Several of the artists question the act of making objects through their ambiguous relationship to authorship and notions of originality, in some cases inhabiting or invoking other personas in the production of their works. Lyman A. William, a pseudonym, displays a collection of discarded objects picked up along a walking journey in northern California; the relics are then modified and assembled into a surrealist micro-archive of his performative walk. Sarah Cain’s self-portrait, a mask of brightly coloured patterns set against a sheet of musical notation, offers yet another ironic take on artistic identity. In his lightbox tableau, Rodney Graham reenacts the artist Asger Jorn in his Amalfi studio, working on a pipe cleaner sculpture, that itself refers to a photograph by the avant-garde artist Man Ray of Jean Cocteau’s pipe cleaner film prop. Graham’s reimagined chain of references to legendary artistic expression, looping back in time, flips the idea of self-realization on its head. The source for Simon Starling’s slide projection work is also a Man Ray photograph from the 1930s. In a conflation of micro and macro worlds, the image of an ancient rock formation is transformed through a slide sequence that slowly zooms into the surface of the print to reveal its silver particles. The microscopic scrutiny of the object leads to mysterious abstractions that defy the rewards of objective information. Tim Lee’s remake of a 1918 spatial construction of squares within squares by Alexander Rodchenko recycles the wood parts of a self-assembly modernist chair. Through such performative engagements with surrogate art objects, different realities collapse into one another, with the artists as interlopers.

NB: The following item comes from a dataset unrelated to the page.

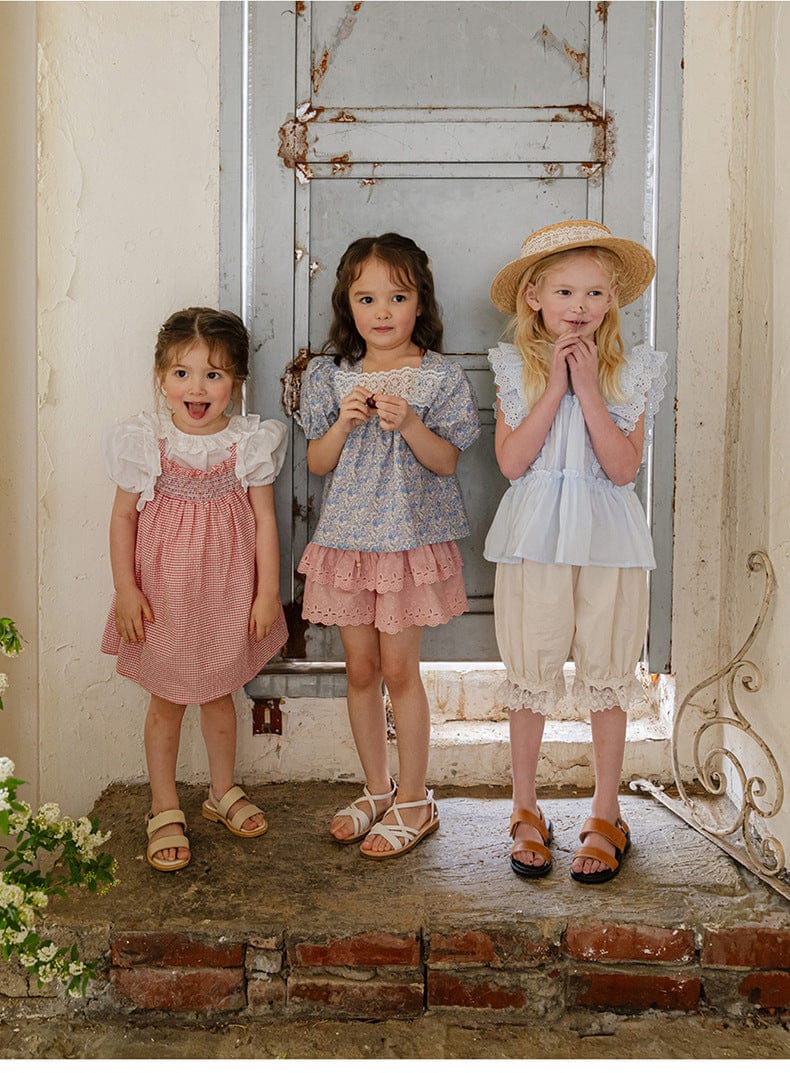 半袖シャツ・ブラウス レーススクエアネックフラワープリント半袖パフスリーブブラウス【mh0010293】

The vivid colour photographs of Walead Beshty and Mariah Robertson bear witness to their darkroom performances with chemicals, paper and light. Working blindly and without a camera, Beshty exposes curling paper to three colours, creating photograms that are concrete documents of the interplay of light and shadow. Robertson’s photogram, displayed as if torn from a film strip, emphasizes the materiality of photographic processes as a record of her chemical paintings. Owen Kydd would describe his moving picture as a performance of a photograph, where surface and time interact. Here a liquid object suggestive of a surrealist eyeball disintegrates through intense optical effects.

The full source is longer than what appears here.